Most Americans – Canadians too – judge wine without regard to food. That's where sugar comes in. Though we may pay lip service to food-and-wine pairing, generally we treat wine as a cocktail, talking dry while craving sweet. Whether it's got the structure and acidity to cleanse the palate and bring lift to a dish matters little in the end. Otherwise, we would be buying a lot more crisp Chablis, which generally offers good value compared with $18-and-up hot-climate chardonnay. We would also seek out more lively chardonnays from cool-climate regions in New Zealand (Kumeu River is outstanding) and Canada (Tawse and Painted Rock are impressive).
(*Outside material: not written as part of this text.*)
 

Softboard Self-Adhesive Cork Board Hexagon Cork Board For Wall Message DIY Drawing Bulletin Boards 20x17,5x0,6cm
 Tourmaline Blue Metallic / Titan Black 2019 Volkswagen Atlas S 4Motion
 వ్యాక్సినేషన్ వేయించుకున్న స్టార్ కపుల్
If there's a poster wine for the Kool-Aid style, it's Kendall-Jackson Vintner's Reserve Chardonnay. Created in the early 1980s by the late Jess Jackson, who made a vast fortune as a property-rights lawyer and computer-services entrepreneur, it went on to become one of the most popular wines in the United States, the first premium juggernaut. Its poorly kept secret? Just enough residual sugar to technically qualify as dry while delivering what the mass market really wanted. Over the years, I have heard high-minded winemakers lambaste the product for its chemistry-set sleight of hand. Commercial success breeds derision in the land of wine snobbery.
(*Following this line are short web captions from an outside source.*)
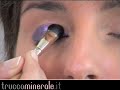 come applicare l'ombretto minerale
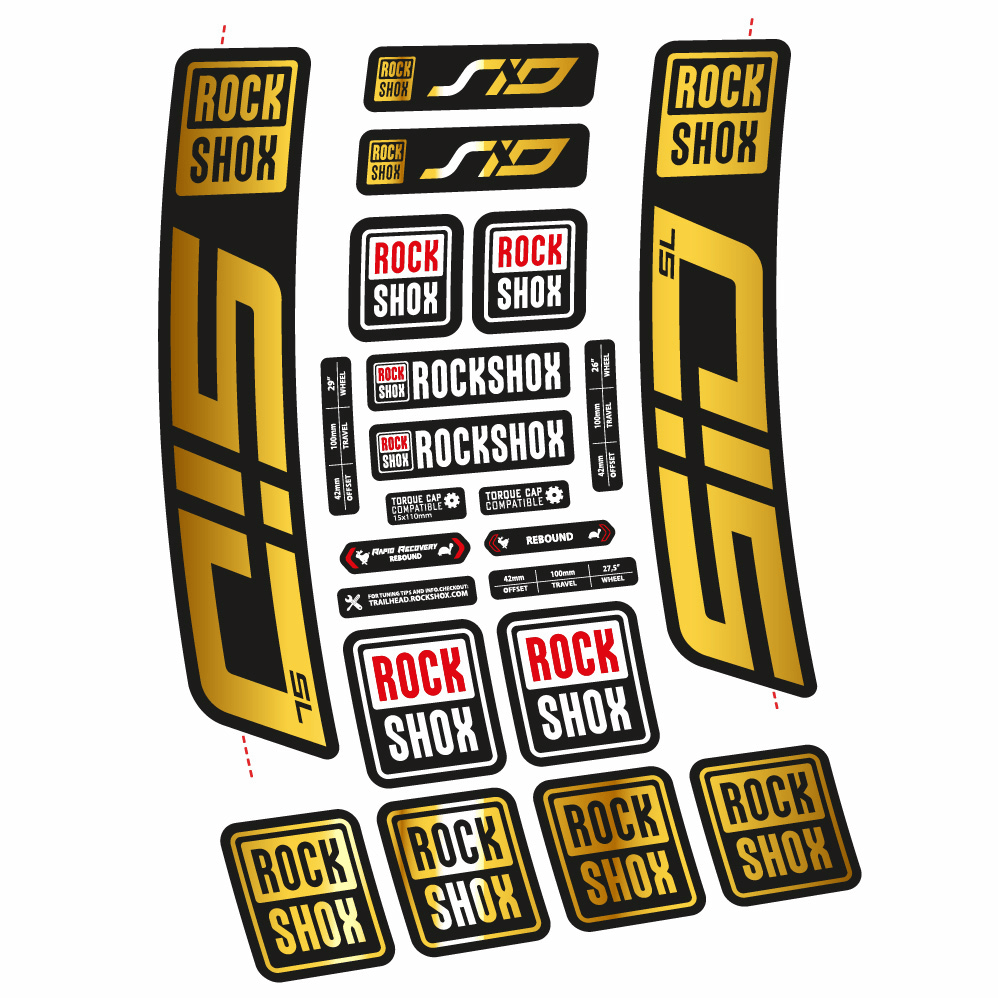 Autocollant Rock Shox Sid SL 2021, Fourche 29, Autocollant Vélo vinyle
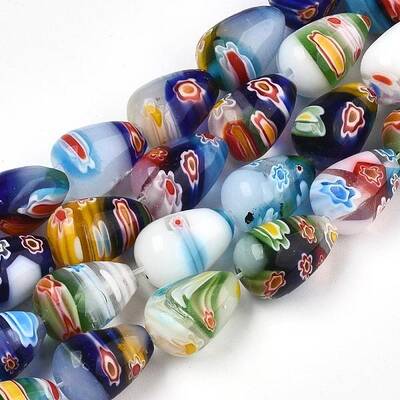 Handmade Millefiori Glass Beads Strands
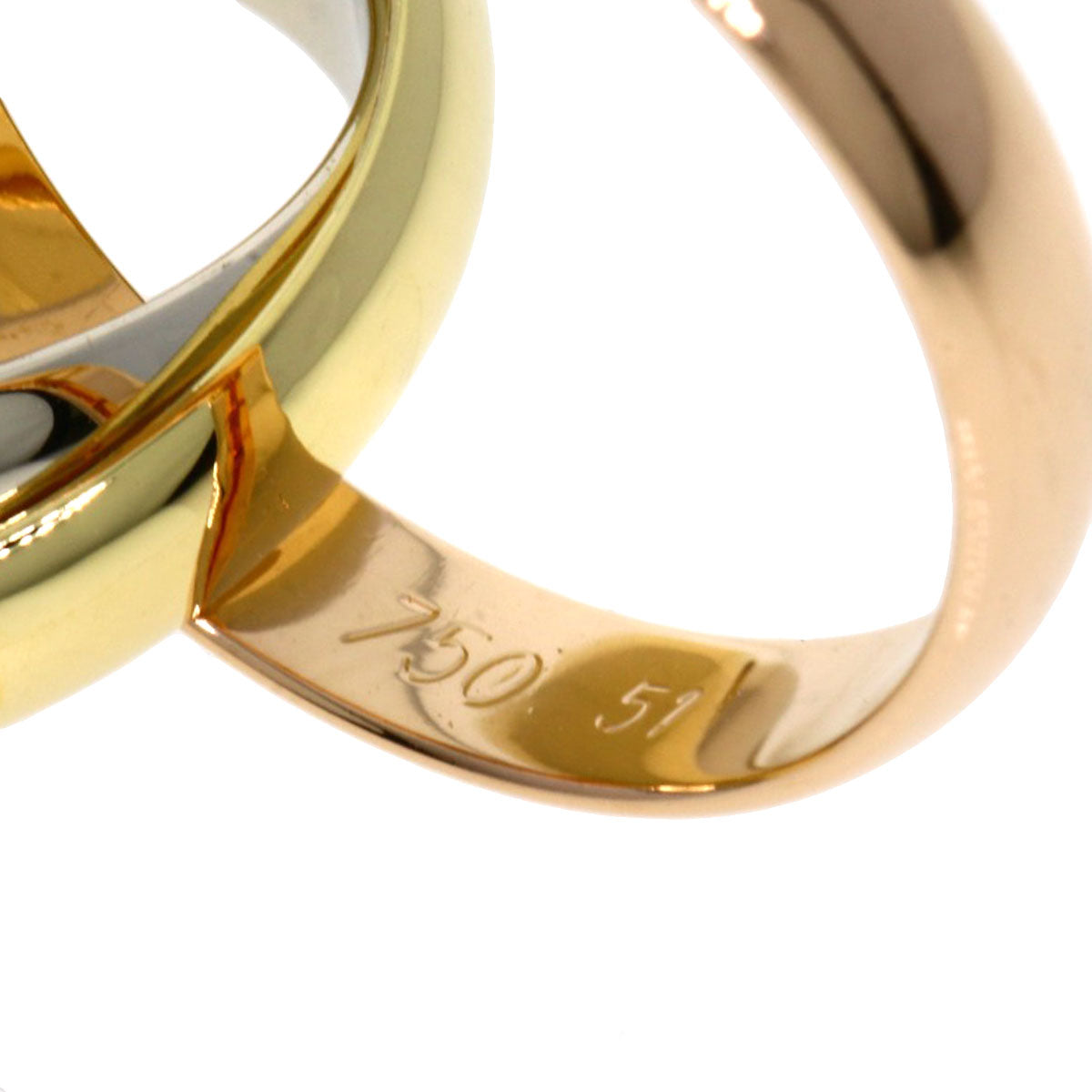 CARTIER   Trinity #51 Ring  K18 Yellow Gold K18 White GoldLadies [Used]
As I tasted the 2010 vintage of Vintner's Reserve the other week (priced at $19.95 in Ontario; 88 points), I was surprised. Next to the Clos du Bois and Rodney Strong, sampled side by side, it seemed well-balanced, with firmer acid backbone than in its early vintages. A little too engineered to rank as excellent in my mind, like a slickly produced Auto-Tune vocal, but balanced. Kool-Aid it's not. Thank goodness.